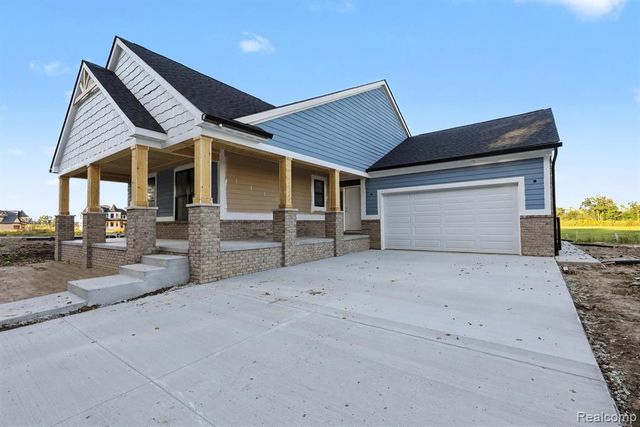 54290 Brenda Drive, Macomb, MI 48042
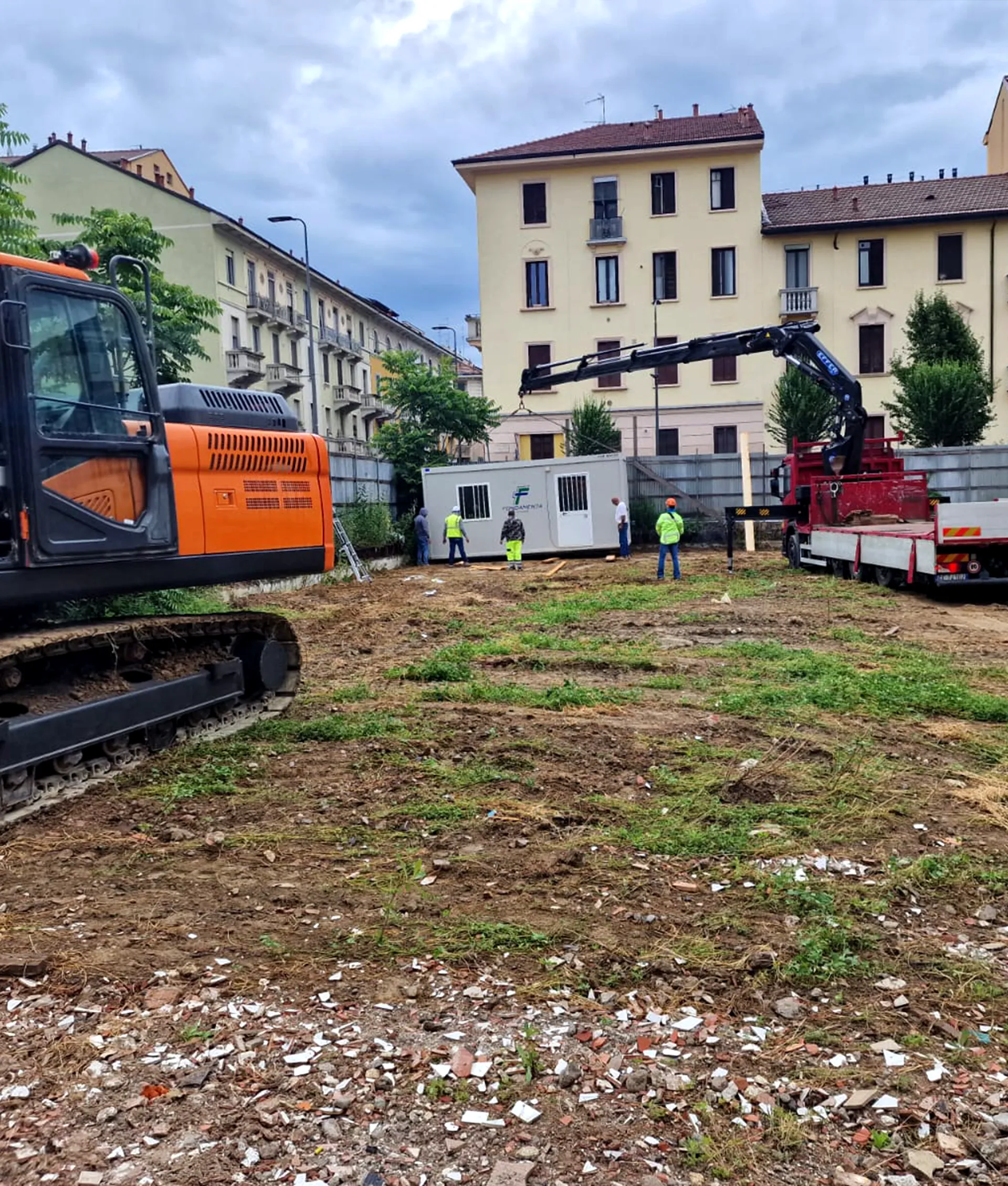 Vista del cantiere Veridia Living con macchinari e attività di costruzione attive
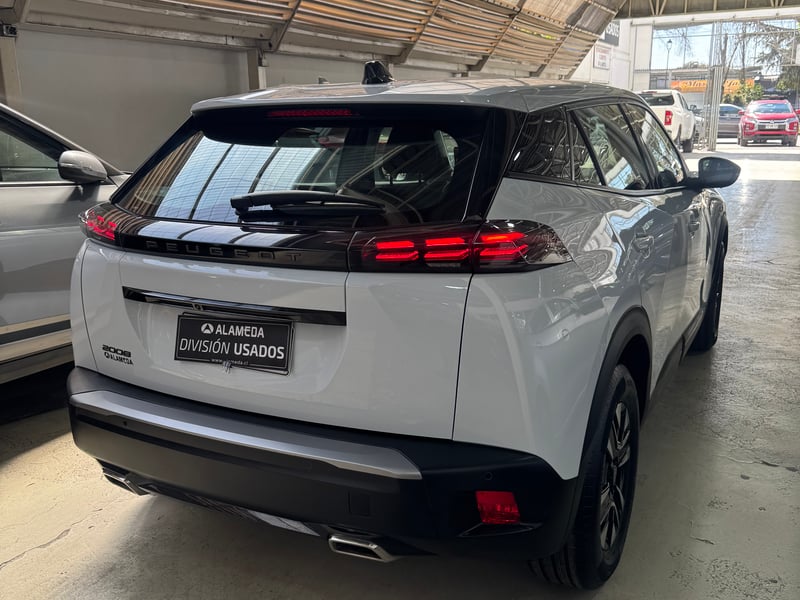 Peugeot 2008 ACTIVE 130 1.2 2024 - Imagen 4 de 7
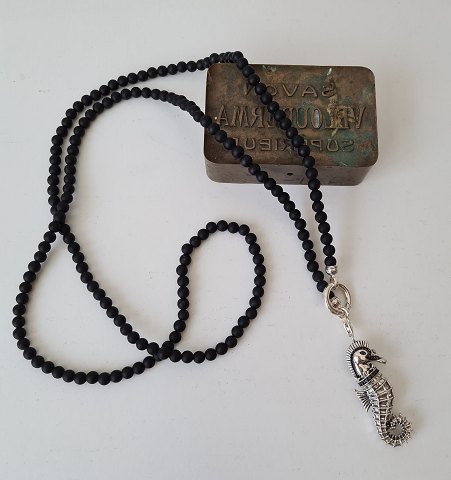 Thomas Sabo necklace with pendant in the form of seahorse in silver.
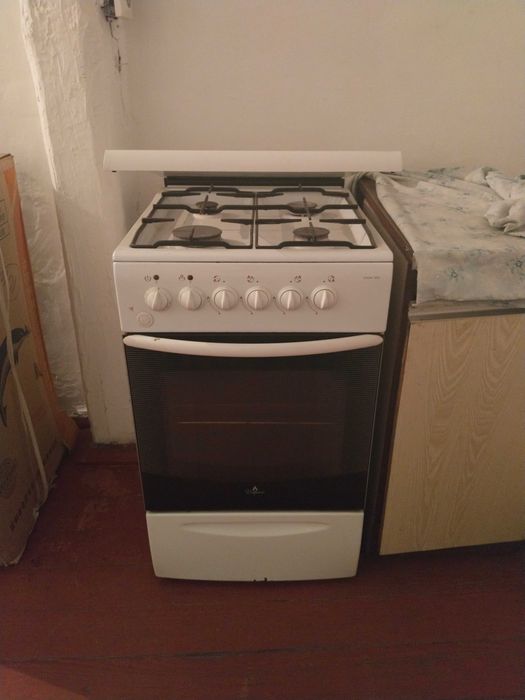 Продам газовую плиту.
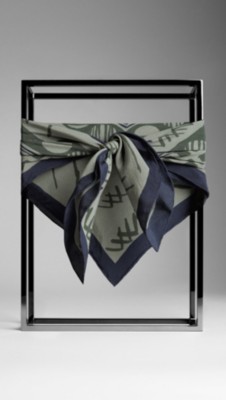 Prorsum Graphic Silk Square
☆ ☆ ☆ ☆
* [About this task]: Reproduce each entry precisely, dropping only the pictures.

* [Result of the exercise]:
 54290 Brenda Drive, Macomb, MI 48042
 Vista del cantiere Veridia Living con macchinari e attività di costruzione attive
 Peugeot 2008 ACTIVE 130 1.2 2024 - Imagen 4 de 7
 Thomas Sabo necklace with pendant in the form of seahorse in silver.
 Продам газовую плиту.
 Prorsum Graphic Silk Square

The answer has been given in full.